The Swiss watch industry is bracing for more disappointing news, as pro-democracy demonstrations continue to roil Hong Kong, its No. 1 market.
Exports to the city plunged 26.8 percent in June, when protesters first turned out in large numbers against a proposed law that would have allowed extraditions to mainland China. In July, the most recent numbers available, the decline reduced to a modest 1.3 percent, with total global exports reaching 1.9 billion Swiss francs ($1.92 billion) for the month, an increase of 4.3 percent compared with the prior year.
But there are worries that the August numbers, scheduled to be released Sept. 19, may show further sharp declines as the Hong Kong protests have continued, especially on weekends, as the government has ignored demonstrators’ expanded list of demands (the extradition law was withdrawn Sept. 4) and violence has increased. As a result, some of the city’s normally vibrant retail areas have been deserted on Saturdays and Sundays, and tourism, a big driver for watch sales, was down 5 percent in July.
“If you consider that Hong Kong is about 11 percent of the turnover of Swatch Group and Richemont, this is a pretty scary situation,” said Alexander Linz, a Vienna-based watch journalist who runs the YouTube channel for WatchAdvisor.com.
Both Compagnie Financière Richemont, which owns several luxury watchmakers including Cartier, Panerai and IWC, and Swatch Group, whose prestige brands include Omega, Breguet and Blancpain, released statements acknowledging the turmoil in Hong Kong had caused local sales to decline — in Swatch’s case, by double digits — while emphasizing growth in mainland China. Swiss watch exports to that market increased 16.3 percent in July, according to the Federation of the Swiss Watch Industry.
“When there’s a decrease in Hong Kong, even a small one, it has quite a strong impact on overall growth,” said Jules Boudrand, a director at Deloitte Switzerland and co-author of the 2017 Deloitte Swiss Watch Industry Study.
Over the past five years, exports to Hong Kong have seesawed. The crackdown on luxury gifting spurred by the Chinese government’s anti-corruption campaign, which began in 2012, put a dent in luxury watch sales. Exports fell to 2.4 billion Swiss francs in 2016 from a high of 4.1 billion francs in 2014.
For luxury watchmakers, such as Cartier, the steep decline in sales was exacerbated by a corresponding oversupply of merchandise. In 2015, the glut of inventory in Hong Kong made its way to the gray market, forcing both Richemont and Swatch Group to embark on costly buyback programs to shore up their brands’ reputations. Mindful of that experience, both groups are now thought to be shipping fewer watches to the city.
“All brands are much more cautious,” said Karine Szegedi, managing partner and head of fashion and luxury at Deloitte Switzerland.

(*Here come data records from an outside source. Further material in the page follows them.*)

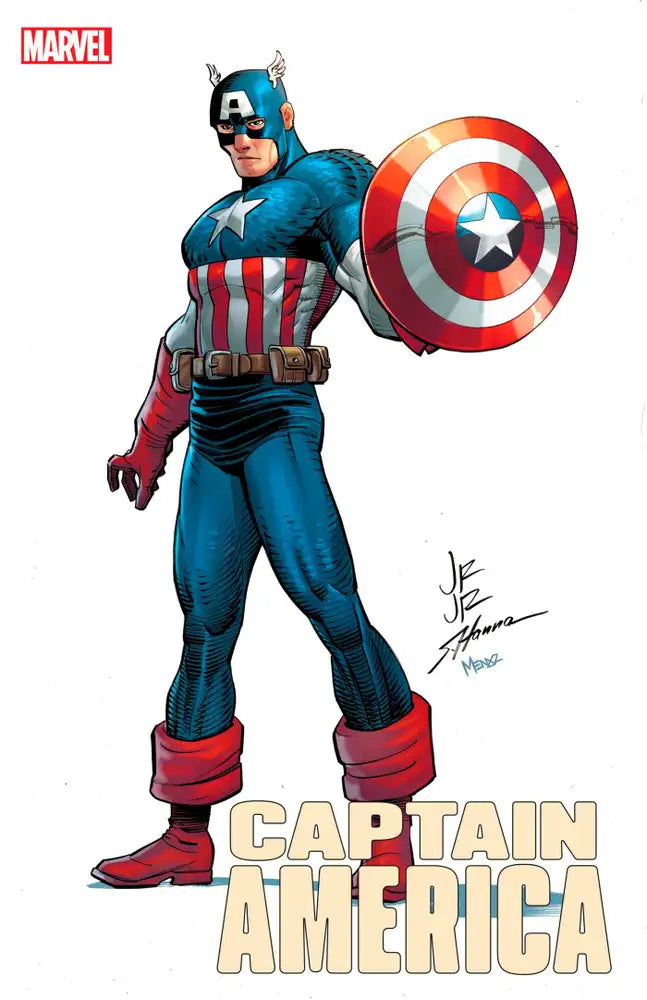 Captain America #1 Comic Book - John Romita Jr. Variant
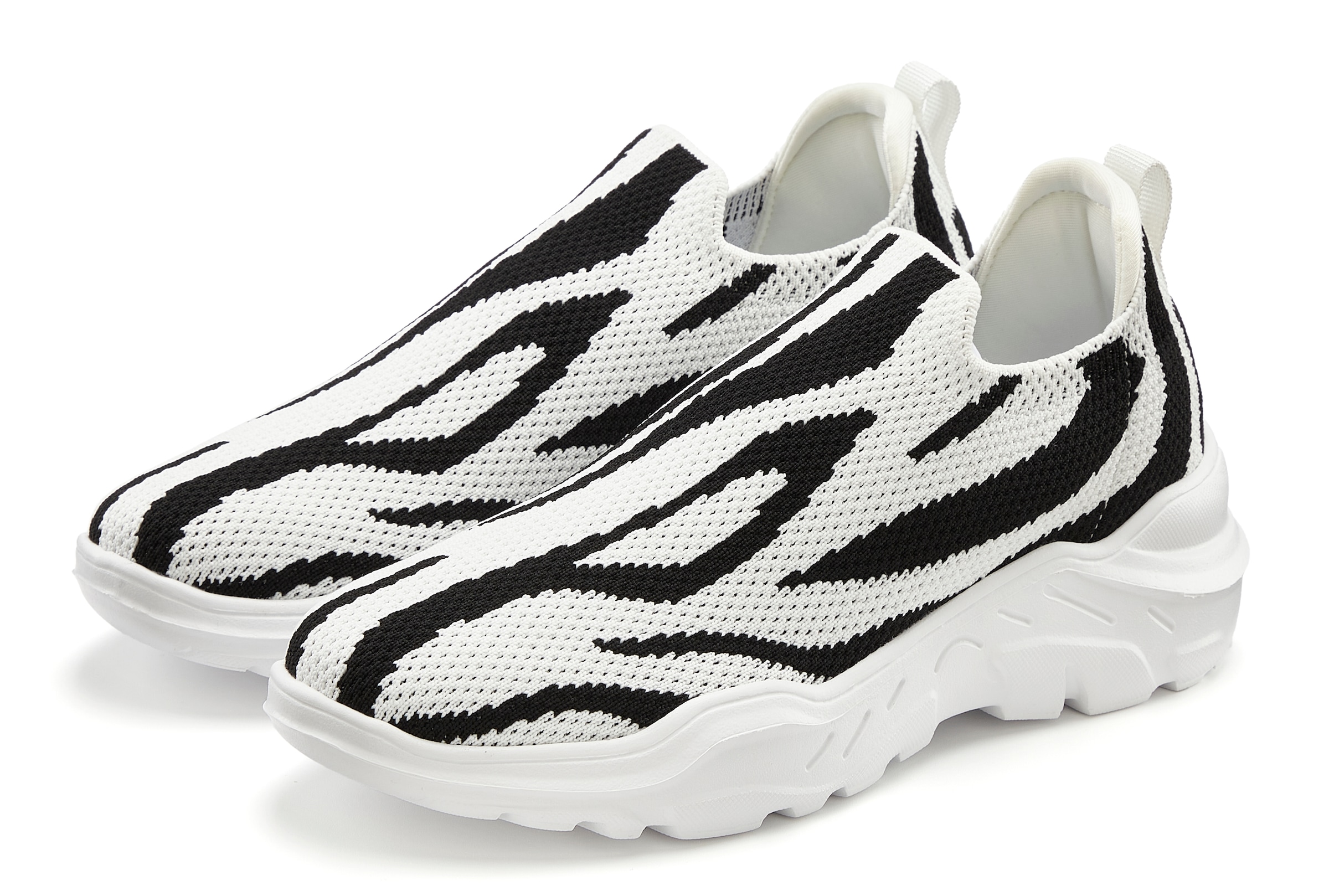 Image of French Connection Sneaker "Slipper, Halbschuh, Freizeitschuh, Slip-On-Sneaker," zum Reinschlüpfen VEGAN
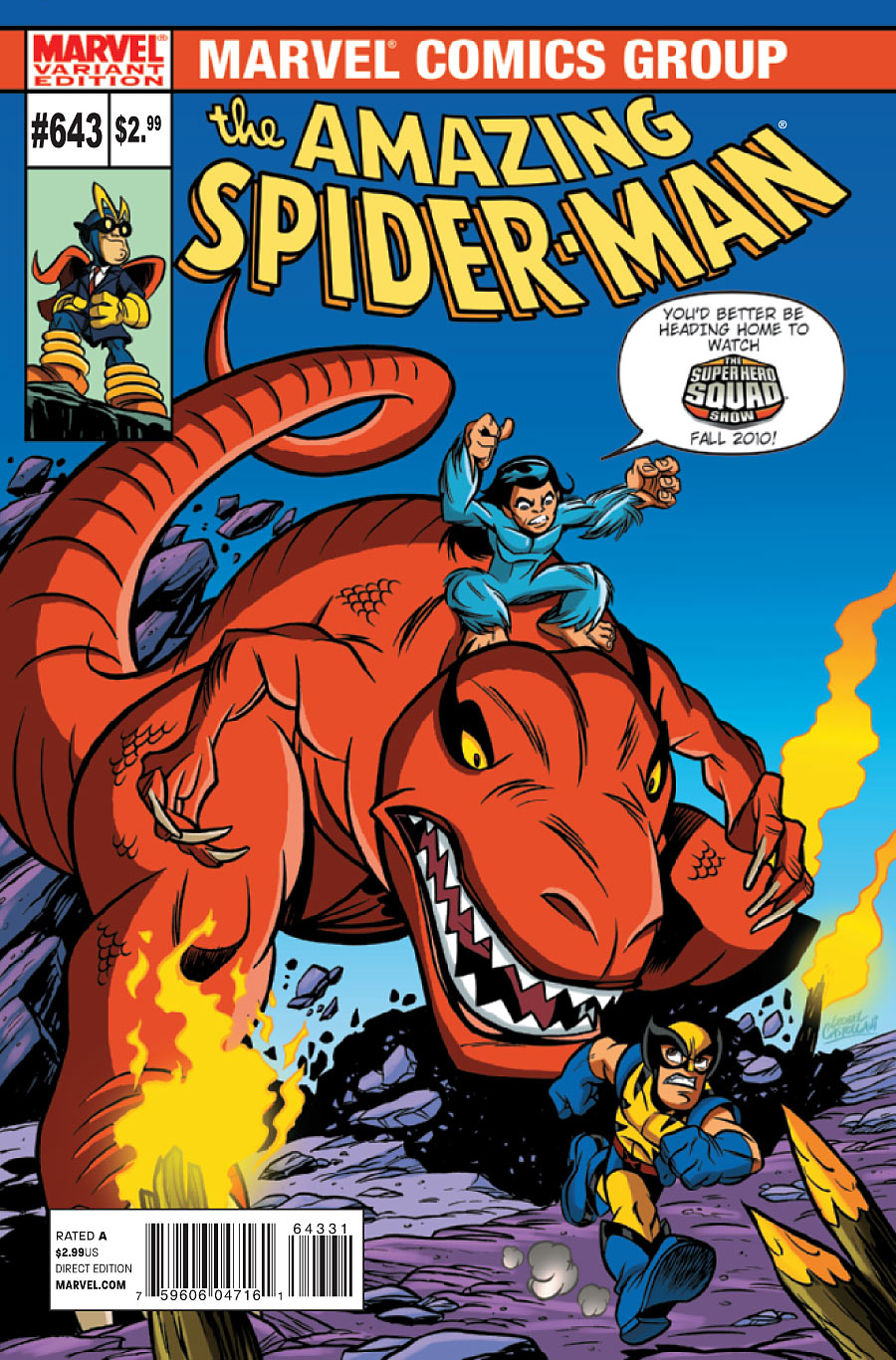 Amazing Spider-Man #643 SUPER HERO SQUAD Variant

Further complicating the dynamic in Hong Kong is the Chinese government’s growing efforts to ensure that its citizens spend their money at home, including a reduction in the sales tax earlier this year. “There are heavy duties when Chinese consumers buy luxury goods outside the country so there is repatriation of luxury purchases to the mainland,” Ms. Szegedi said.
For all the uncertainty about what will happen next in Hong Kong, the United States, the No. 2 market for Swiss watches, is coasting along with 6.1 percent growth in July.
The two markets have a history of leapfrogging each other for the top spot on Switzerland’s watch exports list.
“When one was down, the other one generally was up,” said Joe Thompson, editor-at-large at the watch site Hodinkee. “Then they would flip. And that was good for the industry. When you’re Switzerland, you’re just looking for the hot spot.”